What followed was 10 weeks of remote team discussion sessions and webinars on science formulation, engineering, cost, management, and proposal strategy of a mission, all on top of his regular responsibilities as a graduate student. The team reviewed current priority questions in planetary science and decided to study Titan, a so-called “prebiotic chemistry factory” for its thick atmosphere, abundant hydrocarbons, and subsurface liquid water oceans that resemble early Earth.
NASA's Cassini spacecraft studied Saturn and Titan from 1997 to 2017, providing details of the moon’s structure. Radzom’s team proposed that their higher-precision instruments and solar-powered design could tackle unanswered questions about the moon’s curious environment and its potential to host life.

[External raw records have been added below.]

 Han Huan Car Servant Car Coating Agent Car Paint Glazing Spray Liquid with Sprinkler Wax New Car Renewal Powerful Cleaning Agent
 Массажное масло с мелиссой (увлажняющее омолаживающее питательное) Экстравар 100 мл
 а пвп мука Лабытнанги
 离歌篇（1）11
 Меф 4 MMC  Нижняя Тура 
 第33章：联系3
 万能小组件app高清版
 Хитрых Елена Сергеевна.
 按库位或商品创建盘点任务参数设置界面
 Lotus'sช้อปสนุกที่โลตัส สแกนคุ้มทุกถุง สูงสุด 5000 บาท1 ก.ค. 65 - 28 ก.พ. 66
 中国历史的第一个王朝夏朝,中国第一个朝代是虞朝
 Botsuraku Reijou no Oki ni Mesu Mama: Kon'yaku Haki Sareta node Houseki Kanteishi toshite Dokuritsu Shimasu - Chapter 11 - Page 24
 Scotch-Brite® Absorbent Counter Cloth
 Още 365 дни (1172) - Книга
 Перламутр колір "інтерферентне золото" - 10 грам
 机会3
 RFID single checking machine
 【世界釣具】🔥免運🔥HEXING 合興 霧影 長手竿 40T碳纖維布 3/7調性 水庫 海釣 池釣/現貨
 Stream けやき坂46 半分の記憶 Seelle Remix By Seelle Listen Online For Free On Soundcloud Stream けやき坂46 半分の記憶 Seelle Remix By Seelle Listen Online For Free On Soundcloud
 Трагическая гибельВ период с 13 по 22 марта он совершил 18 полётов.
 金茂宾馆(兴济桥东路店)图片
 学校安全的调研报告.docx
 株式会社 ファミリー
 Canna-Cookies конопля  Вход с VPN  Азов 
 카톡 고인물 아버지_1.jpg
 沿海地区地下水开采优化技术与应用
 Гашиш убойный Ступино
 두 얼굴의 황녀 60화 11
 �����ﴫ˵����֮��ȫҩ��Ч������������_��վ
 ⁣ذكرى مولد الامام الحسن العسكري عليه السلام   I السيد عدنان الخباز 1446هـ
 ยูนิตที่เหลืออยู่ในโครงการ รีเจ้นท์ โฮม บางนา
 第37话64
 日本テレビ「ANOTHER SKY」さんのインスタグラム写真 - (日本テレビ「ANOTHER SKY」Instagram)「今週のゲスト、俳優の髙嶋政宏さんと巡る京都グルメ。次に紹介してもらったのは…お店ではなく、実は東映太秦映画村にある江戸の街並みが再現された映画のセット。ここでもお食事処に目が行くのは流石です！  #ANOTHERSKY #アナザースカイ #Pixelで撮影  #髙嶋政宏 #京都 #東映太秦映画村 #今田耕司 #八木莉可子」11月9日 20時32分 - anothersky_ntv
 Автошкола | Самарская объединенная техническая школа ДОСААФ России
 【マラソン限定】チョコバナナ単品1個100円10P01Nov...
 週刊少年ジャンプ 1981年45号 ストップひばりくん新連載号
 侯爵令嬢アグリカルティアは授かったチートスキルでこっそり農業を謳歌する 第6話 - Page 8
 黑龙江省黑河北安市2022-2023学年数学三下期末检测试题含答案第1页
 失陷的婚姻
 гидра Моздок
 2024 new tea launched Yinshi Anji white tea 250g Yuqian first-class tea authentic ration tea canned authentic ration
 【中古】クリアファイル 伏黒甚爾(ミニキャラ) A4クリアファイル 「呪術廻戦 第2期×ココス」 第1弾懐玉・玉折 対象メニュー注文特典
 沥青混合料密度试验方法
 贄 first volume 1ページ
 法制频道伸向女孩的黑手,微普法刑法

The team initially developed dozens of questions to explore about Titan, but quickly learned to switch from a mentality of unlimited scientific curiosity to one of resource-constrained mission design. “We had to whittle it down, week by week: which ones are the least risky, which ones are the most attainable?” said Radzom.
For the 11th week of the program, the team met in-person at NASA’s Jet Propulsion Laboratory in Pasadena, California, and hit the ground running. “The first day of the [in-person] program we got an email back [...] that basically confirmed that our current instrument wasn’t going to work, so we needed a new one,” remembered Radzom.